Secretary Spellings would often cite (without attribution) W. Edwards Deming when she told education audiences that “back in Texas we like to say, ‘In God we Trust; all others bring data.’ ” Admittedly the Deming quip was a charming if disarming way to deal with critics of the testing mandates associated with the No Child Left Behind legislation. But the essential truth remains: the campus and public policy discussions about institutional effectiveness are less tolerant of opinion and epiphany, and are increasingly focused on data and evidence.

In this context LMS 3.0 also speaks to the increasingly important role of institutional IT officials in the campus conversations about evaluation, assessment, and outcomes. We now have the analytical tools (business intelligence/analytics, data mining, and data warehousing, among others) to use routine, unobtrusive institutional and transactional data (high school transcripts, students’ test scores, students’ records from ERP modules, transactional data from learning management systems, college/university transcripts, and more) to address the critical assessment and outcomes issues that affect colleges and universities.

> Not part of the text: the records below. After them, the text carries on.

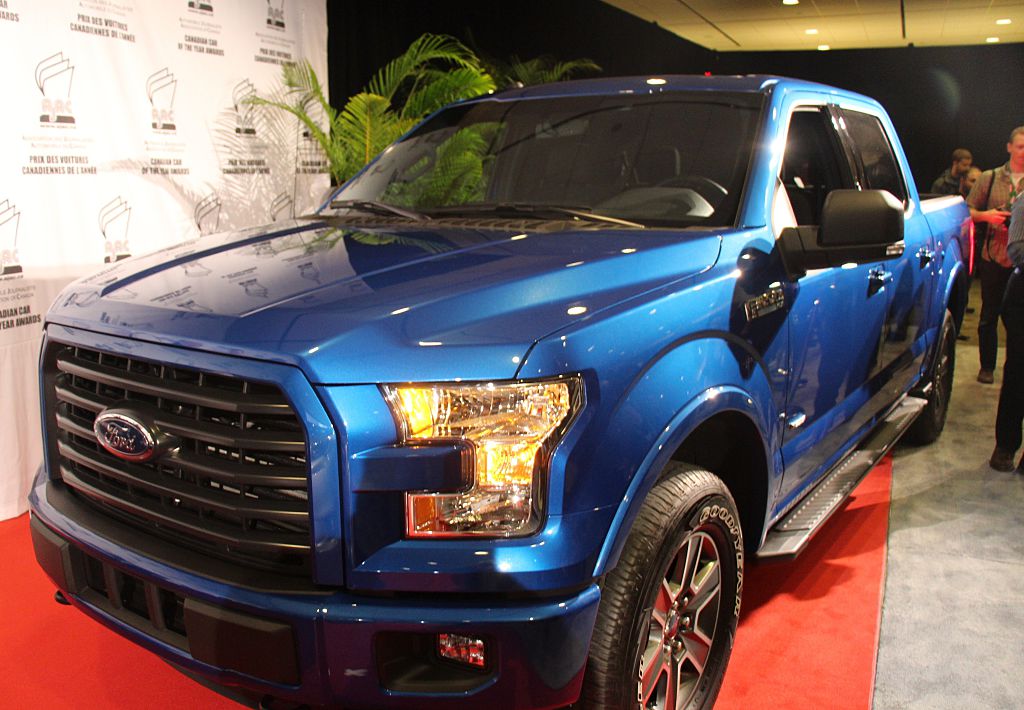 A blue 2015 Ford F-150 on display at an auto show.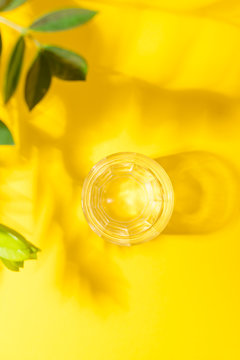 Top View Of Glass With Water On Yellow Surface With Shadow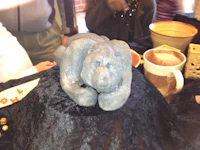 a sculpture of a bear on top of a table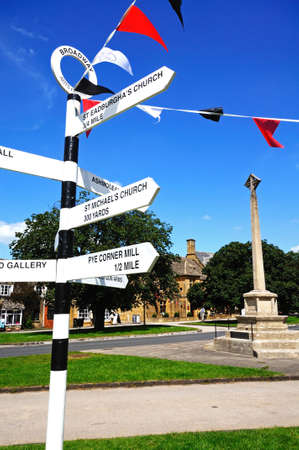 Broadway, UK - June 12, 2014 - Black and white signpost on the village green along the High Street giving directions to tourist attractions, Broadway, Cotswolds, Worcestershire, England, UK, Western Europe のeditorial素材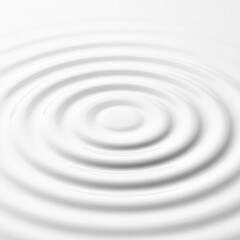 A serene image of gentle water ripples on a white surface, creating a calming and minimalist aesthetic.
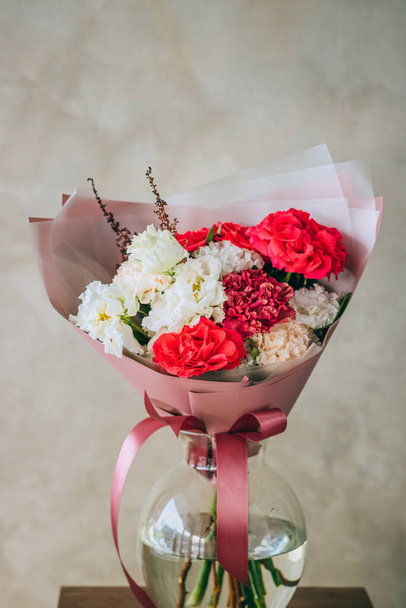 Bright summer bouquet of red roses, burgundy and white carnations, white eustomas in pink packaging. Summer background - Foto, Imagem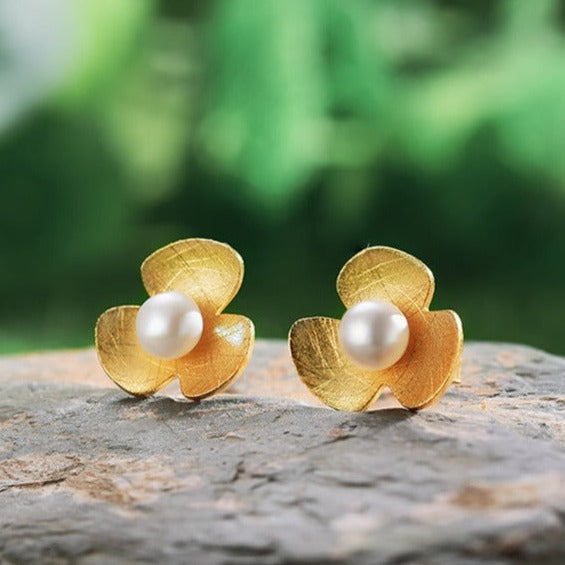 Close up of Lotus Studs resting on a stone from NAZ Parure Jewelry. 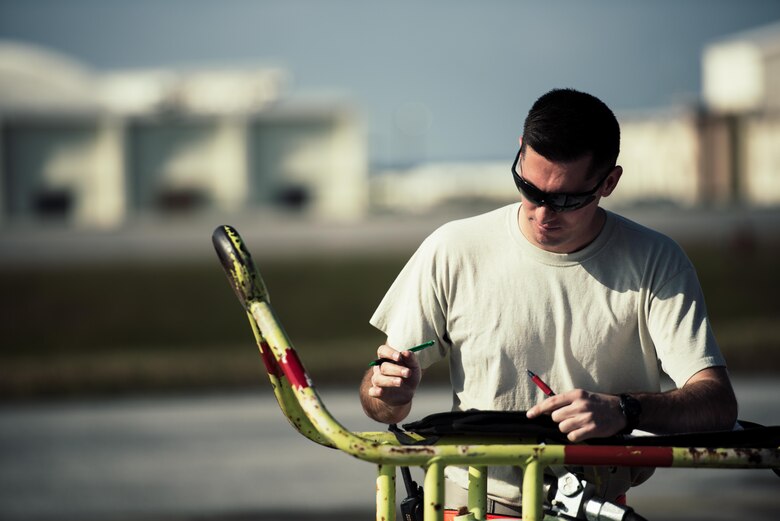 U.S. Air Force Staff Sgt. Nicholas Jaeger, 909th Aircraft Maintenance Unit aerospace propulsion craftsman, documents maintenance on the KC-135R Stratotanker Feb. 16, 2017, at Kadena Air Base, Japan. Aircraft maintainers constantly document any discrepancies and repairs performed during maintenance. (U.S. Air Force photo by Senior Airman Omari Bernard/Released)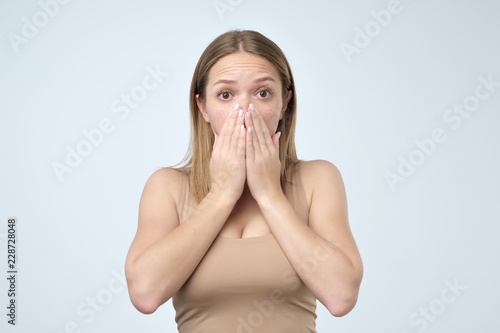 Surprised woman covering with hands her mouth
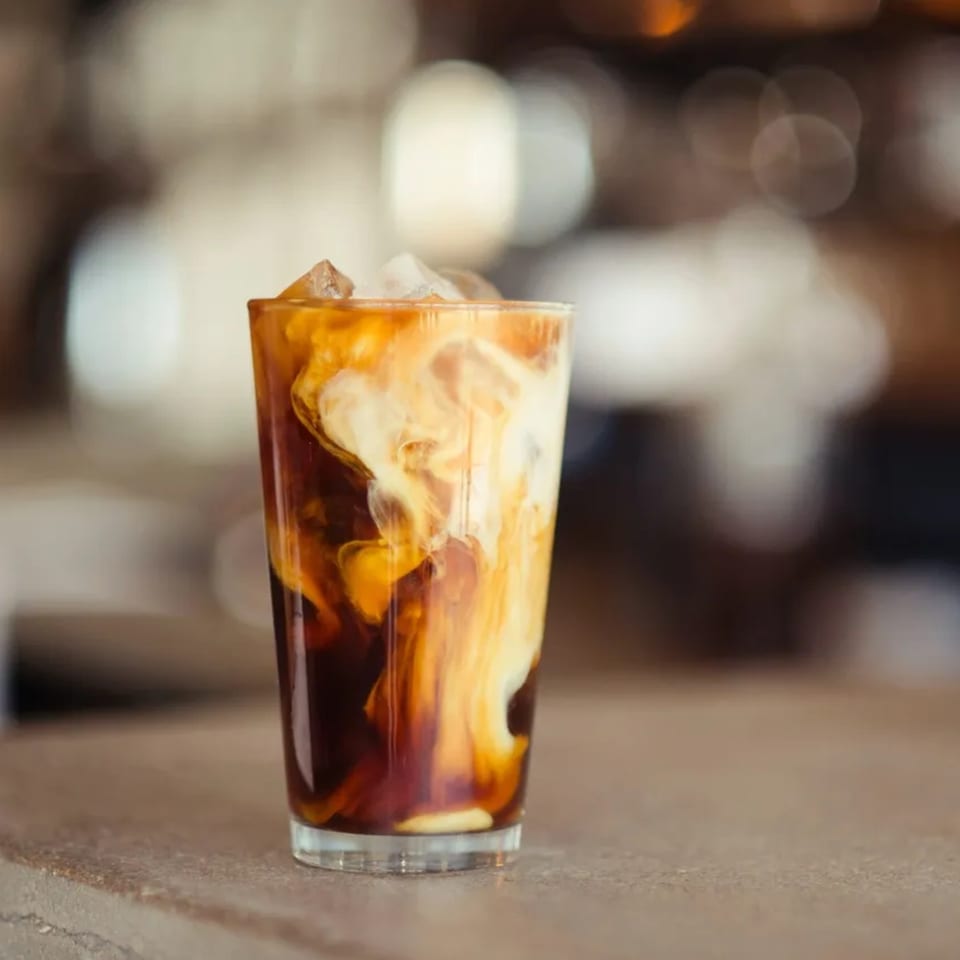 Iced coffee with cream swirling into dark liquid, served in a tall glass on a counter.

For campus IT officials, the issue that emerges in the wake of the Spellings Commission Report about institutional effectiveness, student learning, and student outcomes concerns not if but when college and university IT leaders will assume an active role, a leadership role, in these discussions, bringing their IT resources and expertise — bringing data, information, and insight — to the critical planning and policy discussions about institutional assessment and outcomes that affect all sectors of American higher education.

The emergence of LMS’s oriented around analytics is one part of this process; LMS NextGen will be a critical component of the data that will aid and inform these efforts.